§ **The input**:

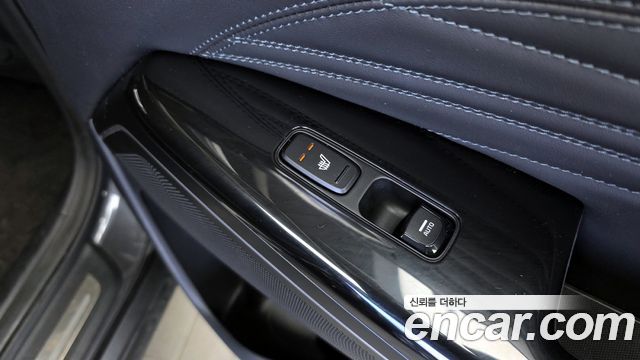 Kia K7 2020 — photo 19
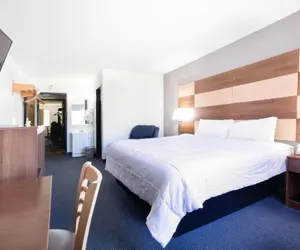 Photo 2 - Northwoods Inn & Suites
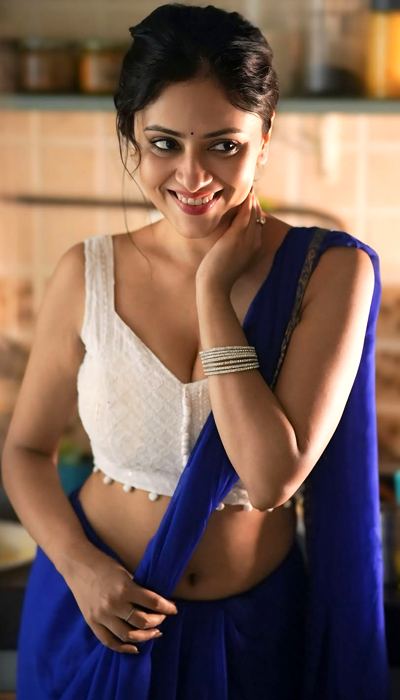 The actress shows off her graceful posture in the low-waist saree.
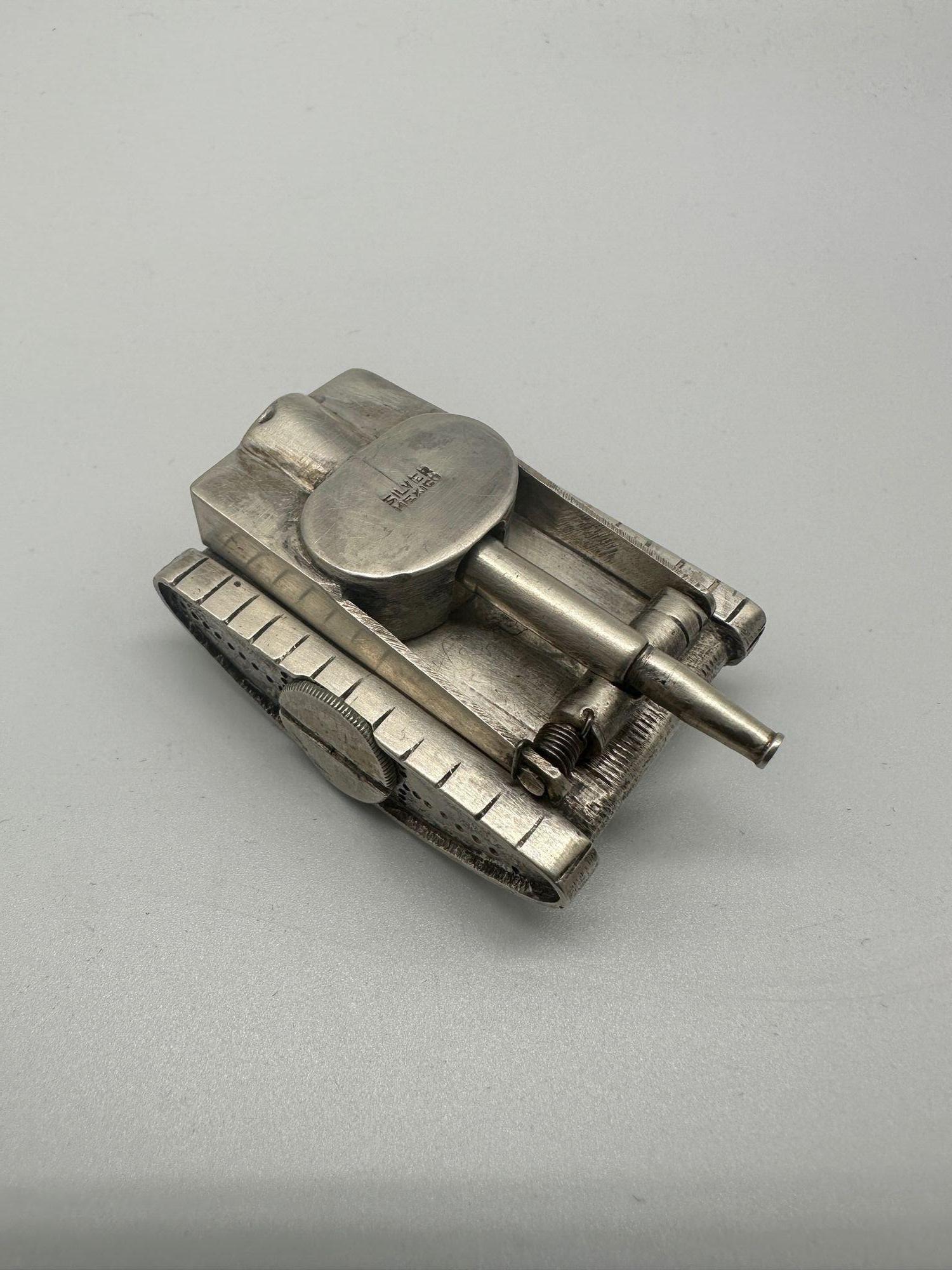 Rare Vintage Military Tank SilverLighter For Sale 3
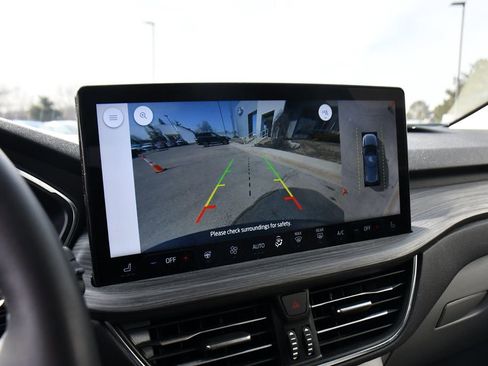 Used 2023 Ford Escape Platinum w/ Premium Technology Package image 26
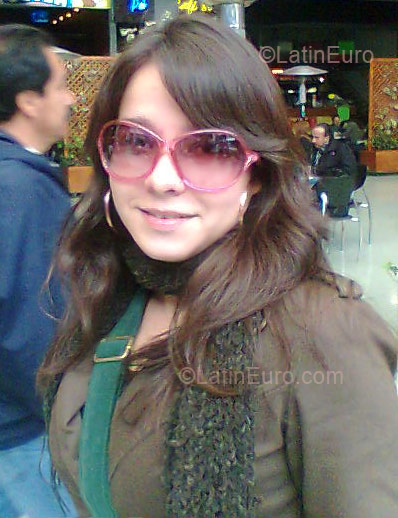 Date this stunning Colombia girl Lina Maria from Cali CO1384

§ **What to produce**:
Please return the records above exactly as written, dropping every picture.

§ **Solved problem**:
 Kia K7 2020 — photo 19
 Photo 2 - Northwoods Inn & Suites
 The actress shows off her graceful posture in the low-waist saree.
 Rare Vintage Military Tank SilverLighter For Sale 3
 Used 2023 Ford Escape Platinum w/ Premium Technology Package image 26
 Date this stunning Colombia girl Lina Maria from Cali CO1384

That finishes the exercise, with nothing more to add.